Steve Bell is a political cartoonist, with his most well known strip 'If...' appearing in the Guardian since 1981. I've been looking into his work because my work was compared to his during my Olio Pitch. The first piece of his that I looked at is 'The Promise of the Past', published in the Guardian on March 25th, 2009:

This is a reference to this old propaganda poster, which implied that men who didn't fight in the war would be fraught with shame years later when they have to explain themselves to their children:


By depicting the father in a military outfit, he turns the original poster's message on its head into an anti-war message, implying that the men who did fight in Ghaza would be ashamed of themselves in the future. There is also another subtle change between the two, changing the toys that the boy is playing with. In the original they seem to be regular soldiers, but in Bell's version the soldiers are shooting a cannon at an ambulance.

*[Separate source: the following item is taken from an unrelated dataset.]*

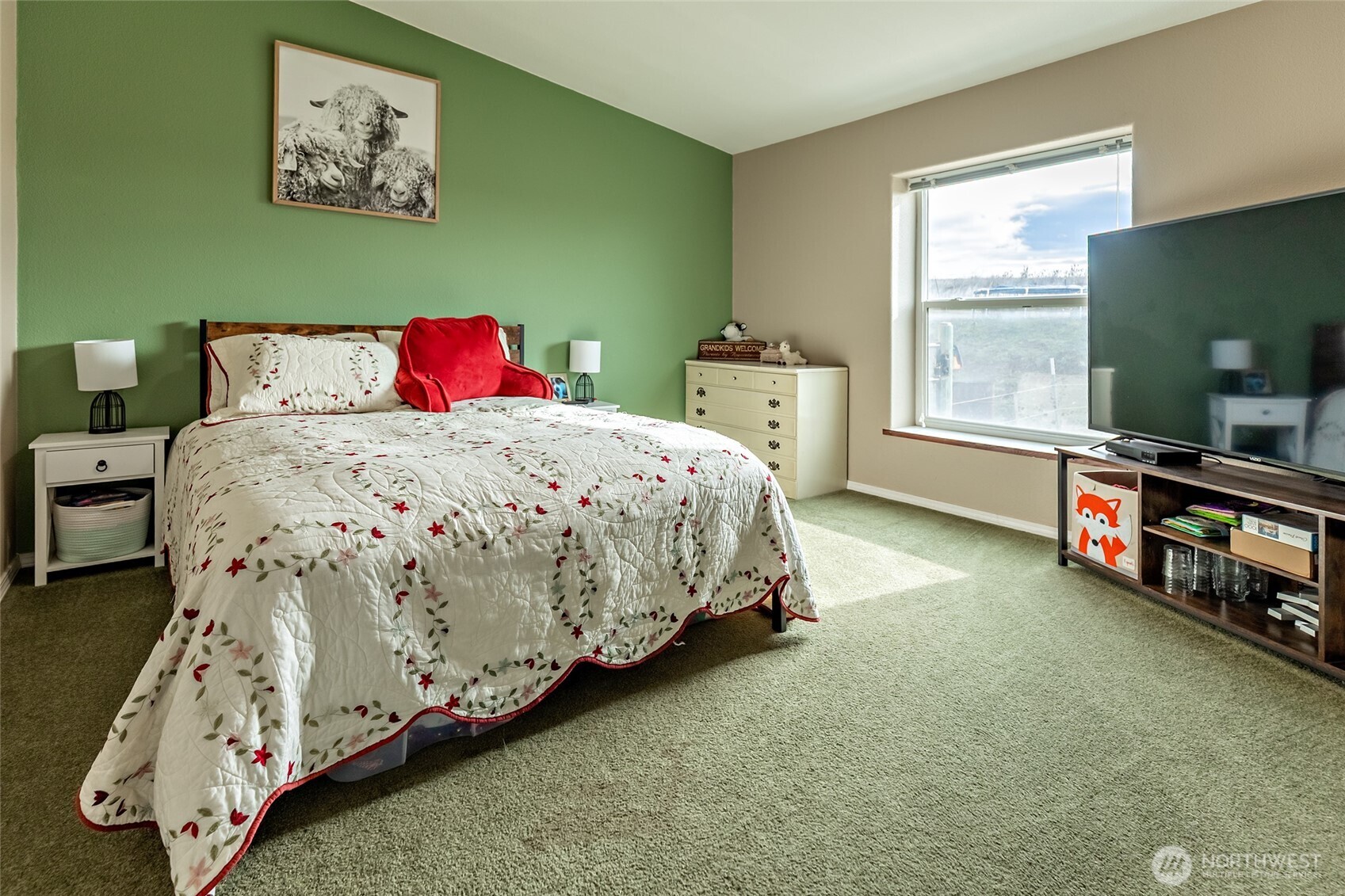 2416 Clerf Road Ellensburg, WA 98926 - Photo 20 of 35 a bedroom with a bed and a flat tv screen on the dresser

Here is a cartoon that was published in the Guardian on the eleventh of January 2007, 'George Bush's television address on Iraq'


The background of this is a painting by Pieter Bruegel the elder, called ' The Triumph of Death':


'The Triumph of Death' depicts a horde of skeletons destroying everything and killing everyone in sight, from the lowly commoners to the king himself. By using it as the background of a piece about George Bush's address on Iraq, it speaks more about the bloodshed than any caricature of Bush could.

Bell uses watercolours to a great effect, often having only a day or two to produce his paintings. And while I can see some similarities between mine and his work, what I'd like to emulate the most is how quickly he can produce his work, and how he still keeps the same amount of quality to it all.